DATA =
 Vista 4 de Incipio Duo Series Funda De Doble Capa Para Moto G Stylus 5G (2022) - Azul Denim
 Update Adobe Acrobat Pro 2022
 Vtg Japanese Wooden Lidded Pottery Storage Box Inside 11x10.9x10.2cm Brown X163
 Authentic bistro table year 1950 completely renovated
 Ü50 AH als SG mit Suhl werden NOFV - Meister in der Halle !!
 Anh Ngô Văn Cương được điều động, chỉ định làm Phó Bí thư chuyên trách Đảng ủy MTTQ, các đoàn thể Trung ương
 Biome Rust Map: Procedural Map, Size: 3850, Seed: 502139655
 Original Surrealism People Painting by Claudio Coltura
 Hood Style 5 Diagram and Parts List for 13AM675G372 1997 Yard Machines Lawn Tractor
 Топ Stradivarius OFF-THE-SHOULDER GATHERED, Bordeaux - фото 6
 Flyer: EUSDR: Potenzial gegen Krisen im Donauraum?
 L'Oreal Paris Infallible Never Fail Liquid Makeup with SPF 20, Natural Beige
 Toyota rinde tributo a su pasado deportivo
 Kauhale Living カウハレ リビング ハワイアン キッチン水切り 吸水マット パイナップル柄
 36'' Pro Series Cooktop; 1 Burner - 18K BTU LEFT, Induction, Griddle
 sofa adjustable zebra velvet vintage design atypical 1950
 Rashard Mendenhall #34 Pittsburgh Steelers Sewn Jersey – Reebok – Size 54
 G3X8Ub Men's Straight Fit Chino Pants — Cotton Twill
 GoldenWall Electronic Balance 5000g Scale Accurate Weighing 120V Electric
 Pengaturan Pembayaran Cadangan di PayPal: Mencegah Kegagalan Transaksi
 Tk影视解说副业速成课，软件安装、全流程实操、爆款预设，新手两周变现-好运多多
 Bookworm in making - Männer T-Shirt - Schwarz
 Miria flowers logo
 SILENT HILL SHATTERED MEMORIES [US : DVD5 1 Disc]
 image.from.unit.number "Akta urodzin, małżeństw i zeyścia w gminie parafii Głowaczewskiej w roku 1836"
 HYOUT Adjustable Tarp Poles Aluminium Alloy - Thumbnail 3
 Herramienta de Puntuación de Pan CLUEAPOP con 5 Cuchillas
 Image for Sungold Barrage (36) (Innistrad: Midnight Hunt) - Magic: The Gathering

REQUIREMENT = Make sure that every entry above is copied out exactly as it stands.

RESPONSE =
 Vista 4 de Incipio Duo Series Funda De Doble Capa Para Moto G Stylus 5G (2022) - Azul Denim
 Update Adobe Acrobat Pro 2022
 Vtg Japanese Wooden Lidded Pottery Storage Box Inside 11x10.9x10.2cm Brown X163
 Authentic bistro table year 1950 completely renovated
 Ü50 AH als SG mit Suhl werden NOFV - Meister in der Halle !!
 Anh Ngô Văn Cương được điều động, chỉ định làm Phó Bí thư chuyên trách Đảng ủy MTTQ, các đoàn thể Trung ương
 Biome Rust Map: Procedural Map, Size: 3850, Seed: 502139655
 Original Surrealism People Painting by Claudio Coltura
 Hood Style 5 Diagram and Parts List for 13AM675G372 1997 Yard Machines Lawn Tractor
 Топ Stradivarius OFF-THE-SHOULDER GATHERED, Bordeaux - фото 6
 Flyer: EUSDR: Potenzial gegen Krisen im Donauraum?
 L'Oreal Paris Infallible Never Fail Liquid Makeup with SPF 20, Natural Beige
 Toyota rinde tributo a su pasado deportivo
 Kauhale Living カウハレ リビング ハワイアン キッチン水切り 吸水マット パイナップル柄
 36'' Pro Series Cooktop; 1 Burner - 18K BTU LEFT, Induction, Griddle
 sofa adjustable zebra velvet vintage design atypical 1950
 Rashard Mendenhall #34 Pittsburgh Steelers Sewn Jersey – Reebok – Size 54
 G3X8Ub Men's Straight Fit Chino Pants — Cotton Twill
 GoldenWall Electronic Balance 5000g Scale Accurate Weighing 120V Electric
 Pengaturan Pembayaran Cadangan di PayPal: Mencegah Kegagalan Transaksi
 Tk影视解说副业速成课，软件安装、全流程实操、爆款预设，新手两周变现-好运多多
 Bookworm in making - Männer T-Shirt - Schwarz
 Miria flowers logo
 SILENT HILL SHATTERED MEMORIES [US : DVD5 1 Disc]
 image.from.unit.number "Akta urodzin, małżeństw i zeyścia w gminie parafii Głowaczewskiej w roku 1836"
 HYOUT Adjustable Tarp Poles Aluminium Alloy - Thumbnail 3
 Herramienta de Puntuación de Pan CLUEAPOP con 5 Cuchillas
 Image for Sungold Barrage (36) (Innistrad: Midnight Hunt) - Magic: The Gathering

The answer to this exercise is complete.